To My Closest and Most Hated Friend | Teen Ink

To My Closest and Most Hated Friend

October 31, 2016
By Anonymous

To My Closest and Most Hated Friend, 


In all honesty, I still don’t understand why you did it. And I probably never will. One thing I do understand is, there’s no changing what happened. What’s done is done. Although your actions cannot be forgiven I understand this was your way of surviving. I guess we just have different survival tactics.


Our relationship was a fire that started out small. But every cut, every skipped meal, every reckless decision fueled that fire. Eventually, the fire was too much to handle, so you just let the world burn. 


I don’t know what I did wrong. Why I deserved this from you. You left me not only angry and pissed at the world, but you left me angry and pissed at the world for no reason. Or at least not one that I could find. I’ve been going insane trying to figure out why, trying to fix every little issue, when maybe it's not my issue to fix. Maybe this is a learning experience. Problem is, I can’t figure out what I’m supposed to be learning.


It’s a horrible experience to be abused. But what’s even worse is being abused by yourself. A tragedy that you cannot as easily escape. But it didn’t stop at that. You turned everyone else against me. I lost my friends, my family, everything important to me. And to me, this just validated the abuse. But to make it even better, you would catch me at the worst times. Having fun, finally forgetting all of the s*** you had thrown at me when all of a sudden I felt like I had been hit by a semi filled with your insults.
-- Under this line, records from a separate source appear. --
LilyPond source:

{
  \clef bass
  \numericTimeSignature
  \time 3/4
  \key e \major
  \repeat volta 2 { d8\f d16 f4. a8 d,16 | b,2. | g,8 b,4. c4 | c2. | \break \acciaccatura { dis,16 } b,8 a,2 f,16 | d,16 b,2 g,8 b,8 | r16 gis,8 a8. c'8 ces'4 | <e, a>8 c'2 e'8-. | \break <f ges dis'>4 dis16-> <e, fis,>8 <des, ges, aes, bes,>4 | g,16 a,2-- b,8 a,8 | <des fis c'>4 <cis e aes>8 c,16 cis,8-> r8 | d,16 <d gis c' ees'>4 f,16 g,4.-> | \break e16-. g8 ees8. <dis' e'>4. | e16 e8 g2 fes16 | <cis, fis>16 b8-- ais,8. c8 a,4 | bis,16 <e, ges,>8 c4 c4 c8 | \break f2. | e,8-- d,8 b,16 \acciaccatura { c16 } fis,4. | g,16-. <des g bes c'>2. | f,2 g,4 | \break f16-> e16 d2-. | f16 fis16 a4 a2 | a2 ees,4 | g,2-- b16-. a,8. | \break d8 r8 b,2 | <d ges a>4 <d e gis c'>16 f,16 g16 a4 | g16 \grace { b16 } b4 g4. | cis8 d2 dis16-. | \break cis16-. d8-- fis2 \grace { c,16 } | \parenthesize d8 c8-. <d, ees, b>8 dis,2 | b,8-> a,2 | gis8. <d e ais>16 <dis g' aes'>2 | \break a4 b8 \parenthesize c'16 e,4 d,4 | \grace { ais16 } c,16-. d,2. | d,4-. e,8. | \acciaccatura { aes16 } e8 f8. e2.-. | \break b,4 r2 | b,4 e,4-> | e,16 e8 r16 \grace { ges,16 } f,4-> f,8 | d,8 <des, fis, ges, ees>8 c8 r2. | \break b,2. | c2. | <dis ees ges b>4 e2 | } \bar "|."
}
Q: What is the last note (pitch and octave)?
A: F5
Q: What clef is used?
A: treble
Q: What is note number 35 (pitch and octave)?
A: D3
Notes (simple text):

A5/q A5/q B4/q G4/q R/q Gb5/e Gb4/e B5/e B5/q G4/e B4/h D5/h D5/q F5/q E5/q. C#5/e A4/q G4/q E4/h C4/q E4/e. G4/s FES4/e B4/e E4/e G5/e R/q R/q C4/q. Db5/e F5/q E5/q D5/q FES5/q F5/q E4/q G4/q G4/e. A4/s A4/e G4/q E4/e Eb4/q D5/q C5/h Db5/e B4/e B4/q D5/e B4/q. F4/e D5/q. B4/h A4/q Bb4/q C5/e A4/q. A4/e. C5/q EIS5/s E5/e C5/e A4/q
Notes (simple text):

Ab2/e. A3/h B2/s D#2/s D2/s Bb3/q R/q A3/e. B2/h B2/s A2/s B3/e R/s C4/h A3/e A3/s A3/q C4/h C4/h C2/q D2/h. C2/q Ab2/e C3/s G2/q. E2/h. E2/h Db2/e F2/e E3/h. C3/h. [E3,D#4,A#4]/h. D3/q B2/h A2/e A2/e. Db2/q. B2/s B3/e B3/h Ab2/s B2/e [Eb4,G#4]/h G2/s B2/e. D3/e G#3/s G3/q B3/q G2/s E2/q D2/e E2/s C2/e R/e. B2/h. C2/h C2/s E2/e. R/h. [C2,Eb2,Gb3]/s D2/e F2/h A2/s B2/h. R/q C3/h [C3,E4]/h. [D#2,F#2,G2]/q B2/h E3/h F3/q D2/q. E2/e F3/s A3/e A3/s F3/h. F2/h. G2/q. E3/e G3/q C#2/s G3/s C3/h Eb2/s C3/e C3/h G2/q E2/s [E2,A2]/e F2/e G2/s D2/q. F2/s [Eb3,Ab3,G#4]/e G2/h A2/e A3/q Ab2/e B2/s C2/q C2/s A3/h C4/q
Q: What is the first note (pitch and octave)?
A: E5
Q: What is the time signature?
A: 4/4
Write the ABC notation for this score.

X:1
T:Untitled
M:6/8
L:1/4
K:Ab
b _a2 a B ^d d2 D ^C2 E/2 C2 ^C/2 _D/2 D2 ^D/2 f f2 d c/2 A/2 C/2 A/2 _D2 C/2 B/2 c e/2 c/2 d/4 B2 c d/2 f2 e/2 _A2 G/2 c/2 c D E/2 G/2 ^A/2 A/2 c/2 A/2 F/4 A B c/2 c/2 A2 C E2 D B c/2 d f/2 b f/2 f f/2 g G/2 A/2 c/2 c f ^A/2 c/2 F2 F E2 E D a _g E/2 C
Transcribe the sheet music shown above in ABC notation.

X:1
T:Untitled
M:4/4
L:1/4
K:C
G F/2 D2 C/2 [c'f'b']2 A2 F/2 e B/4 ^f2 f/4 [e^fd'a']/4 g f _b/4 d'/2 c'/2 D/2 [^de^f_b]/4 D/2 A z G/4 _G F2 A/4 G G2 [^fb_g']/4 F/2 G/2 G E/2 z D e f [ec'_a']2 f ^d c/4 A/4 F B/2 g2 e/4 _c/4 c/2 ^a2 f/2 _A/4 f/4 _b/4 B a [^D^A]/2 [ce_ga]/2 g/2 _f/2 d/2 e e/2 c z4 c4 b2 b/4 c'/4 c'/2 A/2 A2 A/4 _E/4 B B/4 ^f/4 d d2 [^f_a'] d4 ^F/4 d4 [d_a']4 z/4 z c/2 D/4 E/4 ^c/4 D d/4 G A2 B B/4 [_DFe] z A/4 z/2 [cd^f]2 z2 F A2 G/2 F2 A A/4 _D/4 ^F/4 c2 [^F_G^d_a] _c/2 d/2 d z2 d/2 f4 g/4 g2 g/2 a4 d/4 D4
You fed me so many lies that I began to willingly feed them to myself, even when you weren’t there. I consumed insults for breakfast, lunch and dinner. But regardless of the fact that you successfully brainwashed me and changed the person I once was, you wouldn’t leave me alone. You had already caused so much pain, hadn’t you had enough?


But now, in all of this pain and suffering, I realized something. My damage allowed you to flourish. You got power from my defeat. You had everyone rooting for you, even me. But did I even matter? I was just a body you occupied. I was your safe place. Something that I no longer had because you took away those things and kept them for your own use. Just to keep yourself alive. You selfish b****.


I still find myself wondering how we can live with the damage we have done. As close as we were I can’t let this go on for any longer. We are done. You can no longer be a part of my life. I need freedom and peace. But as much pain and suffering you caused, I feel the need to thank you. You taught me who I wasn’t and I feel like that’s a lesson many don’t get to learn. You taught me compassion, how to care for others, and most importantly, how to care for myself. And I suppose, even if it hurt at the time, even if it still hurts now, you made me a better person in the end.


Sincerely,


  Me.


The author's comments:

This piece of writing is about my struggle with depression. A lot of times I feel like it is trying to take me over and so thise was my way of personifying my depression. I hope that others who struggle with depression can read this and not only be able to relate but be able to realize that they are not alone in their struggles.